The tissue specimens taken from the testes studied were fixed in either Bouin’s fixative or 10% formaldehyde in phosphate buffered saline pH 7.4, then embedded in paraffin. Of each testis, five 6-µm thick sections were incubated with rabbit antihuman oncostatin M (Santa Cruz Biotechnology, Inc., CA; 0.75 µg/mL) for a period of 2 h, at room temperature. Two sections were incubated with normal rabbit serum at the same Ig concentration (negative controls). As an additional negative control, another two sections were incubated with the OSM antibody, to which a 10-fold concentration of the OSM control peptide (Santa Cruz) was added. The nine sections were then rinsed in tris buffered saline (TBS) and incubated with goat antirabbit biotinylated antibody (Vectastain Elite kit, Vector Laboratories, Inc., Burlingame, CA; 1:100 dilution). After rinsing, they were incubated in ABC complex (Vector Laboratories, Inc., diluted 1:500), and the reaction was visualized with diaminobenzidine (Sigma Chemical Co., St. Louis, MO).
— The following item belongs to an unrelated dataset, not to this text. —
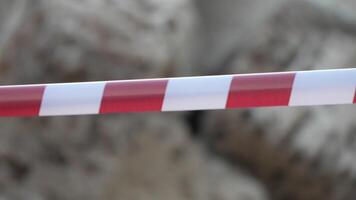 Red and white warning tape swinging in the wind. Protection sign. Don't cross the line. Red White caution tape pole fencing is protects for No entry. Backdrop without people, empty street. video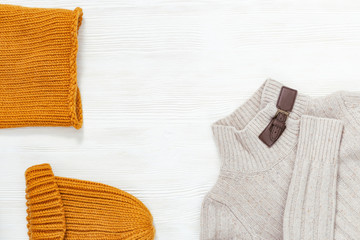 Female autumn clothing, warm knitted scarf and cap orange colored and light woolen pullover. Shopping overview concept with copy space. Top view. Flat lay.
Then sections were counterstained with Mayer’s hematoxylin for 2 min, dehydrated, then mounted in Entellán (Merk, Darmstad, Germany).

Because rat testes show positive immunostaining to the same antibody used here in the Sertoli cells (fetal and newborn testes) and Leydig cells (all ages) (7), sections of fetal (18 days postcoitum), newborn, and adult rat testes were immunostained as the human sections and used as positive controls.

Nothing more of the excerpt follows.